Konu Hakkında Merhaba, tarihinde En Son Okuduğum Kitap kategorisinde kelebekcocuk tarafından oluşturulan EN SON OKUDUĞUM KİTAP başlıklı konuyu okuyorsunuz. Bu konu şimdiye dek 265,026 kez görüntülenmiş, 686 yorum ve 0 tepki puanı almıştır...
Kategori Adı En Son Okuduğum Kitap
Konu Başlığı EN SON OKUDUĞUM KİTAP
Konbuyu başlatan kelebekcocuk
Başlangıç tarihi
Cevaplar
Görüntüleme
İlk mesaj tepki puanı
Son Mesaj Yazan prenses35
A

ASLIHAN1

Kullanıcı
29 Ocak 2009
En iyi cevaplar
0
0
İstanbul
Ahhh....Ne şartlarda okuduğumu bilsen :)))
Sabah otobüsle işe geliyorum süre 75 dk. otuyorum
başlıyorum okumaya akşam dönüş te 75 dk. aynen devam..
Ve ben varya otobüste kitap okumakta çok zorlanıyorum
Midem bulanıyor çünkü :))) kendimi zorluyorum kusacak pozisyona
gelene kadar okumaya çalışıyorum  :D :D :D
Kendime eziyet ettiğimi düşünebilirsiniz ama inanın otobüste başka
türlü zaman geçmiyor.Boşa geçeceğine kusma pahasına da olsa
dolsun napalım  :D
 
B

blt.cemile

Kullanıcı
11 Ara 2008
En iyi cevaplar
0
0
Teşekkür ederim Aslıcım
 
S

su perisi

Kullanıcı
4 Ocak 2007
En iyi cevaplar
0
0
Aslıhan, Empatiyi  ve Olasılıksızı bende okudum...Çizgisi ve kurgusu aynı doğrultuda olup,içeriginin farklı oldugu kesin..Okuyan arkadaşlar varsa onlarında fikirlerini duymak isterim..
Son olarak :) Senle biz kitap konusunda anlaşamadığımız kesin :)
"Aşk" ın tartışmasını Empatide yapmak istemiyorum :)

Saygılar....
 
E

Elif Ünal.

Kullanıcı
24 Kas 2009
En iyi cevaplar
0
0
Sakarya
En son Gabriel Garcia MORQUEZ'in Bir Kayıp Denizci adlı kitabını okudum . kitap her ne kadar klasik konu olsa da bir çırpıda biten bir kitap. E yazarı Gabriel amca olunca normal ::) 8) :) ;)
 
S

su perisi

Kullanıcı
4 Ocak 2007
En iyi cevaplar
0
0
Bayram merasimi girdiği için bitirme süresi uzayan ama bir o kadarda keyif veren serinin 3. kitabını Mahkum prenses / Phılıppa GREGORY bitirdim..

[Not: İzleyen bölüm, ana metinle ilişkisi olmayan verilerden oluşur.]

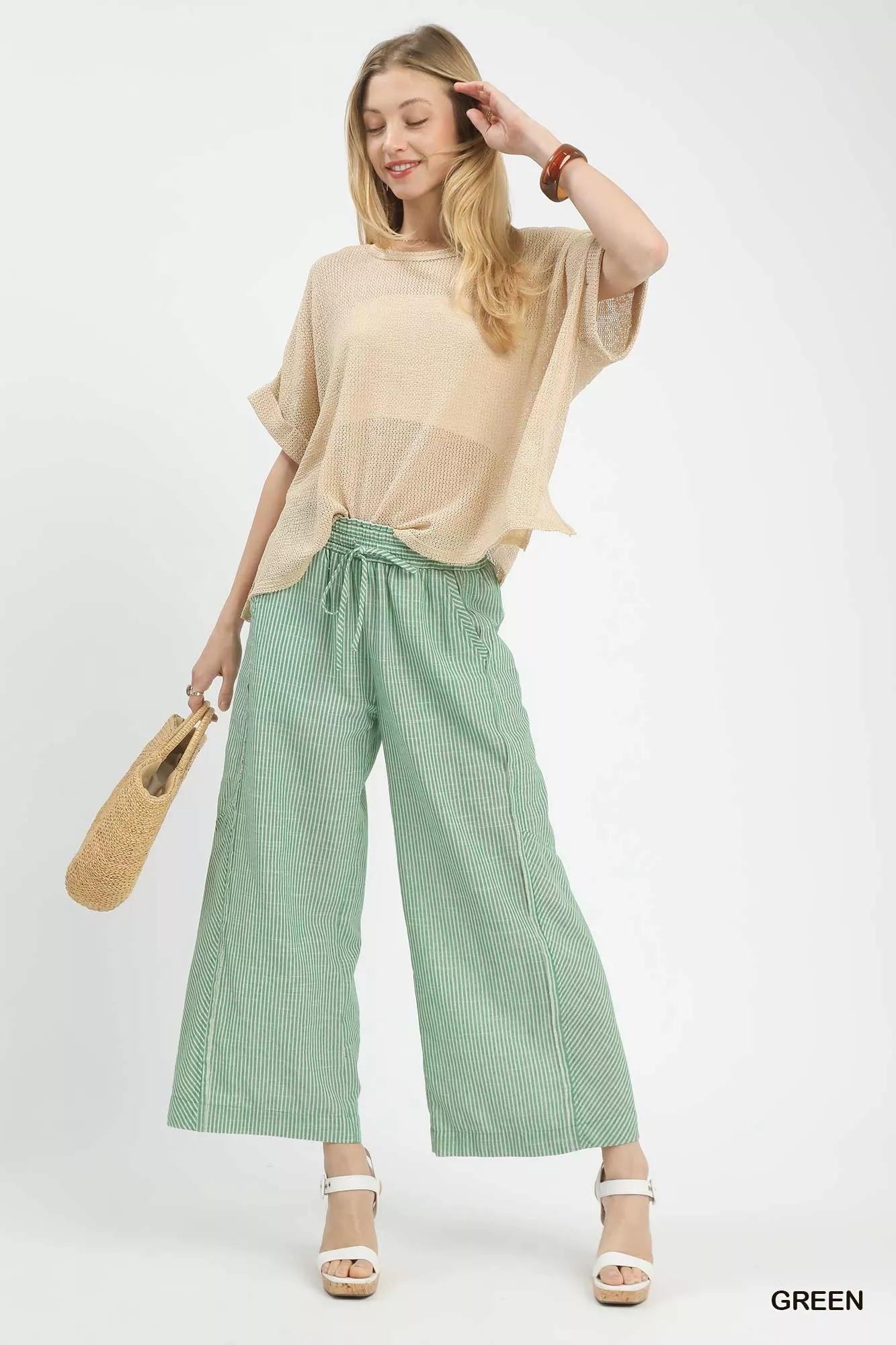 Umgee Linen Blend Striped Wide Leg Pants - Image 2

Tarihin gizli sırları (ingiltere 16.y.y. da taht kavgalarıyla birlikte yaşanan şavaş birlikte Türklerinde o devirde ne kadar korkulacak millet olduklarının kanıtı) bu romanlar sayesinde daha açığa kavuşuyor...Aragonlu Katherine İspanyol İnfanta'yken İngiltere kraliçesi olma yolunda,annesi kadar zeki,babası kadar kurnazca hamleler yaparak kraliyeti mutlak malubiyetten kurtaran,anlaşmalı bir evlilikle birlikte gizli bir sırla ölüme kadar  mücadele edişini gidişini gözler önüne yine o ustaca kalemiyle sunuyor yazar...

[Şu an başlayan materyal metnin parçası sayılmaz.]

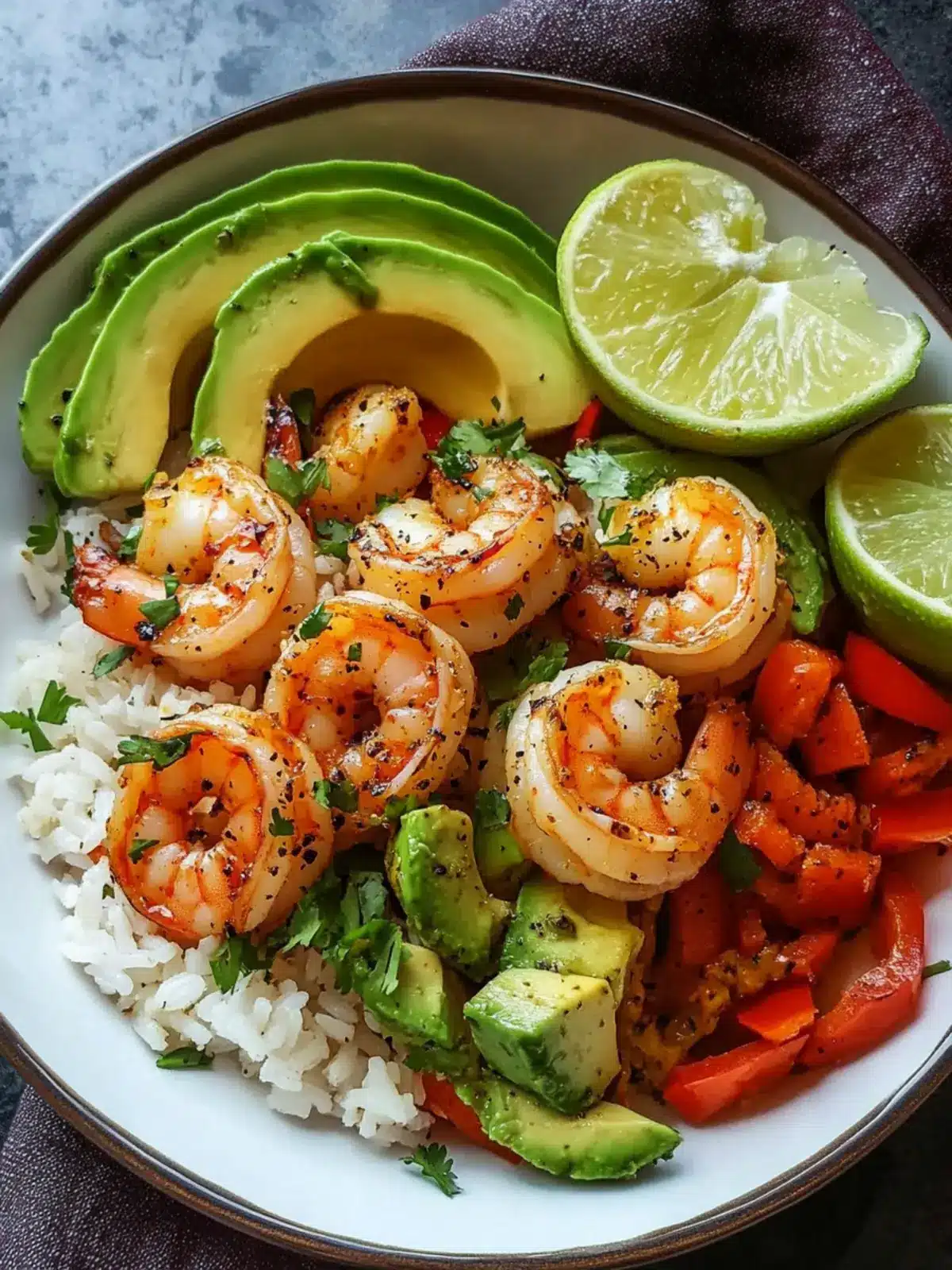 Savor Spicy Garlic Shrimp with Veggie Rice & Avocado Bliss 4 Spicy Garlic Shrimp with Veggie Rice & Avocado Slices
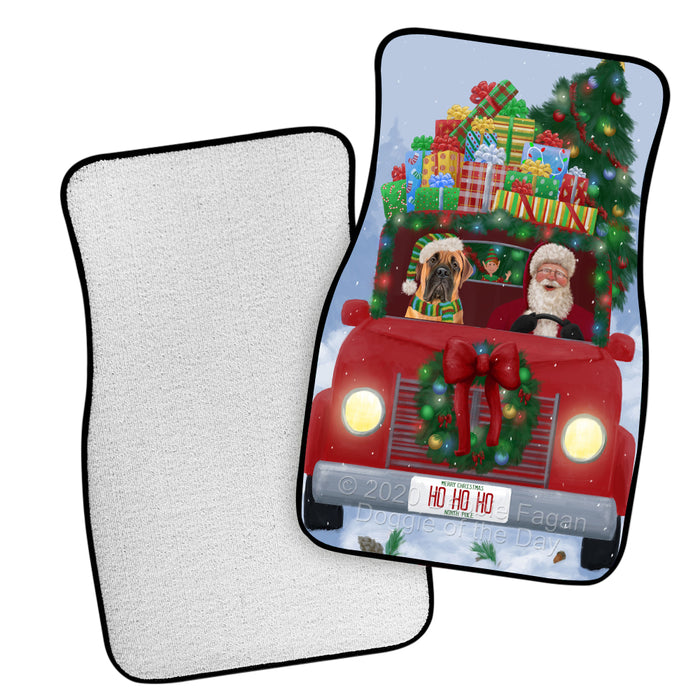 Christmas Honk Honk Red Truck Here Comes with Santa and Bullmastiff Dog Polyester Anti-Slip Vehicle Carpet Car Floor Mats  CFM49675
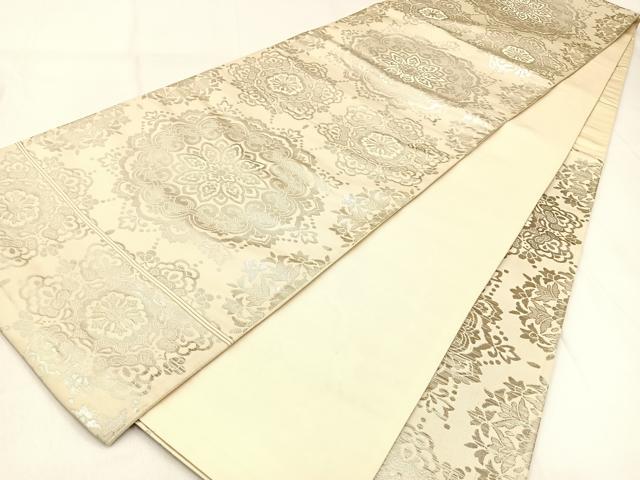 平和屋着物◎六通柄袋帯 宝相華 銀糸 正絹 逸品 BAAW0485hj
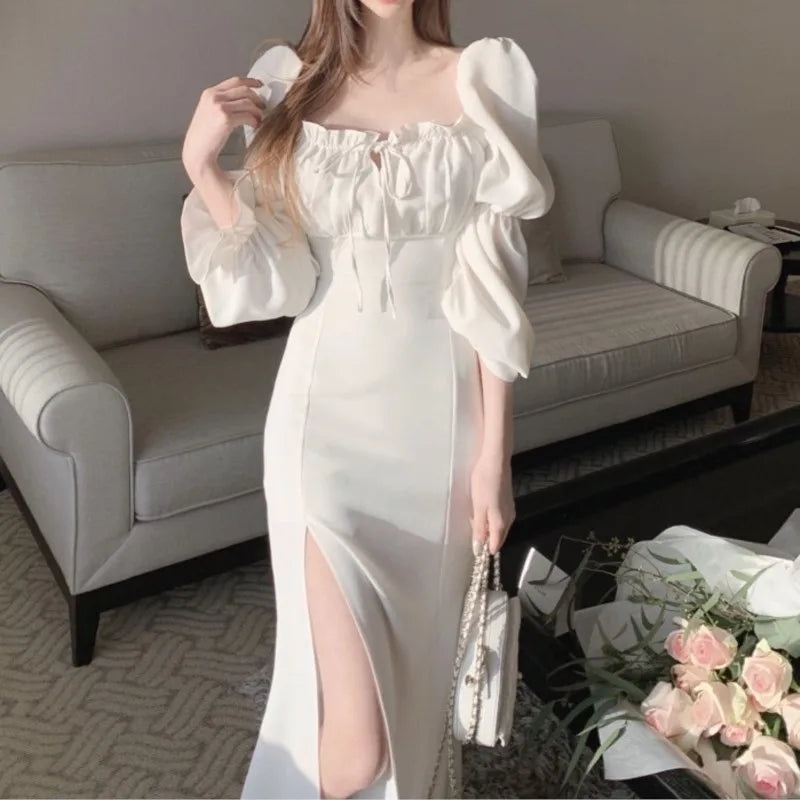Autumn New Bodycon Midi Dresses for Women Puff Sleeve Square Collar High Split Office Lady Korean Fashion Evening Party Dress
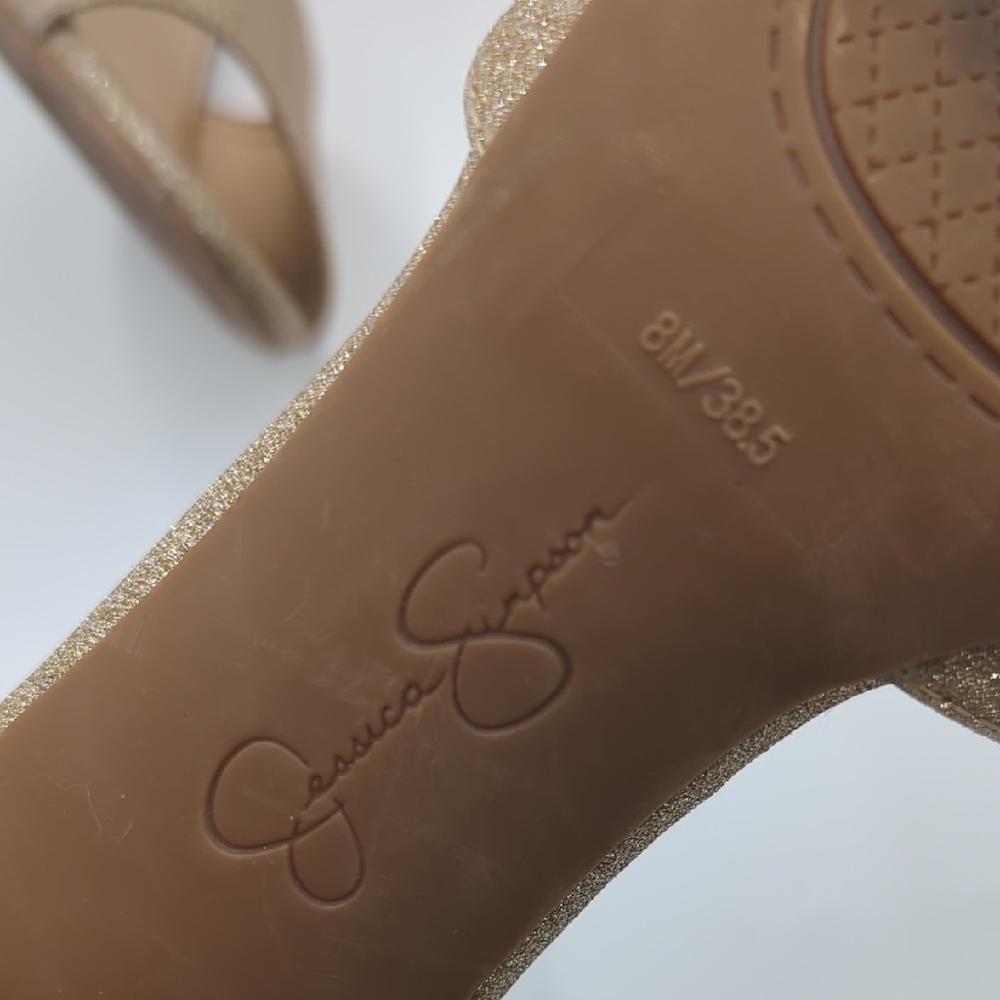 Jessica Simpson Gold Glitter Block Heel Sandals - Picture 10 of 13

Bu seriyi bitirdikten sonra, Roman hakkında tek ve son bir yorumda bulunacağım..( Şu an okumakta oldugum "Boleyn mirası'ndan sonra.. )


 
S

su perisi

Kullanıcı
4 Ocak 2007
En iyi cevaplar
0
0
Phılıppa GREGORY'nin "Tudor" serisinin son kitabı diye düşünüyordum ki,son bir kitabı daha çıkmış henüz Türkçeye çevrilmemiş :)
Bu seri böyle satış fiatları devam ettikçe,serininde ardı arkasın kesilmeyecek gibi görünüyor :)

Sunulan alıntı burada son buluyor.